Referendum II is in the air. We’re all pent up with excitement, but – as with Brexit – we don’t have a date yet. It could happen very soon, and it could just as easily be years and years away. We can be fearful about all this or think reasonably about it.
Tempus fugit. Yes, it does. Time is marching on. It has been two years since the independence referendum; the famous ’14 we’ll all recount to our grand-wains, and already the country is reaching boiling point again over the issue of a rerun. Alex Salmond reminding us that it’s not for Westminster to decide when we go to the polls only adds to the growing sense of uncertainty around whether or not we’ll actually get another crack at the whip. People in the independence movement are worried, and, to be honest, in my darker moments, I too worry. Lately I have developed a recurring dream where I’m auld(er) and facing the reaper, and saying ruefully: “I’m sorry Scotland.” Will we really live to see Indy Ref mark two?
Aside from our irrational fears and nightmares, reason dictates that we will see another referendum, and before too long. The truth of the matter is that Scotland’s social and political life has reached an impasse – we are sitting on the point where either it happens and we gain our independence or we are forced to remain stuck where we are indefinitely. Only the former option is a possibility, because – and keeping with the slightly morbid tone with which I have begun – the majority of those who voted No last time round are dying off. Every cohort of the Scottish population under 65 voted Yes in the last referendum, and the polls conducted since have shown support for independence in these younger age groups to have grown. Unless the unionists can find a cure for aging fast, their game is up.
Sunday Times poll: "When should another independence referendum be held?" 54% say within 2-3 years 48% would currently vote Yes #indyref2—
Alasdair (@Alasdair91) September 18, 2016
Since the 1970s the British establishment has acknowledged that the moment the Scottish National Party gained a majority of Scotland’s Westminster seats it will have lost Scotland to the union. Well, the SNP now have 56 of those 59 seats – that’s a 95% majority. In Holyrood, with its PR system, the SNP went from 44% of the popular vote in 2011 to 46.5% in the 2016 election (and still managed to lose a seat).

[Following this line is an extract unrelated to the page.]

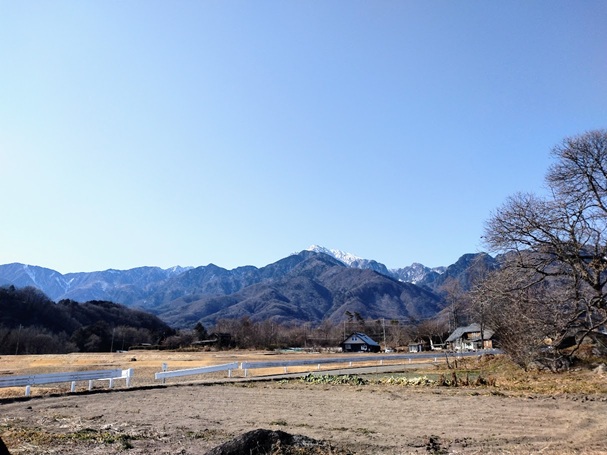 リビングからは、田園風景と南アルプスの眺め。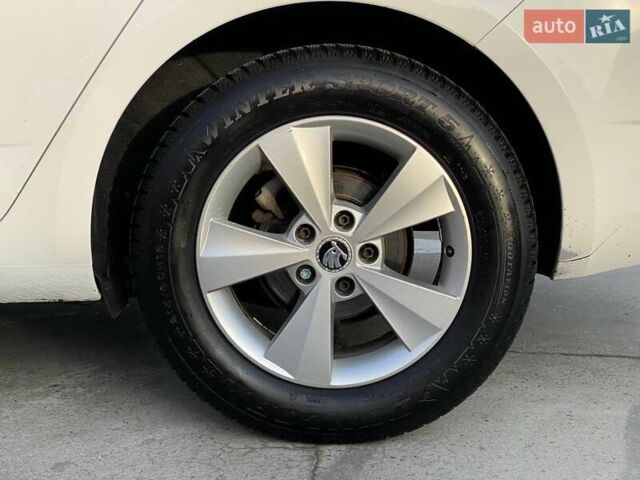 Белый Шкода Октавия, объемом двигателя 1.6 л и пробегом 152 тыс. км за 10500 $, фото 29 на Automoto.ua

In December 2013 membership of the SNP stood at a modest 25,000, but in the immediate aftermath of the September 2014 referendum it leapt to a whopping 75,000 – making it the third largest political party in the United Kingdom. In the two years since its membership has almost doubled, with the figure standing at about 121,000 party members.
Regardless of whether we manage to secure another independence referendum before the end of the Brexit negotiations (date to be decided) or not, that Scotland voted so differently to England and Wales underlines the simple truth that we are no longer “a union.” We may well be historically legally bound to one another, but the facts on the ground show quite clearly that we have grown apart, and there is no going back on this now. Our parliamentary system in Edinburgh is designed to give greater voice to minority opinion, and so the Tories and Scottish Labour have a good number of seats between them, but the sheer mathematics of the last election make it clear that these are indeed minority opinions. Scotland has changed, and irrevocably so.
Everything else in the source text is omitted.